- [REQUIREMENT] From the first line to the last, retype the listing without any alteration.

- [DATA SHOWN]
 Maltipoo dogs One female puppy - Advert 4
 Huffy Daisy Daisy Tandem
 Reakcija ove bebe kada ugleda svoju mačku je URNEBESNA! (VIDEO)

- [REPLY]
 Maltipoo dogs One female puppy - Advert 4
 Huffy Daisy Daisy Tandem
 Reakcija ove bebe kada ugleda svoju mačku je URNEBESNA! (VIDEO)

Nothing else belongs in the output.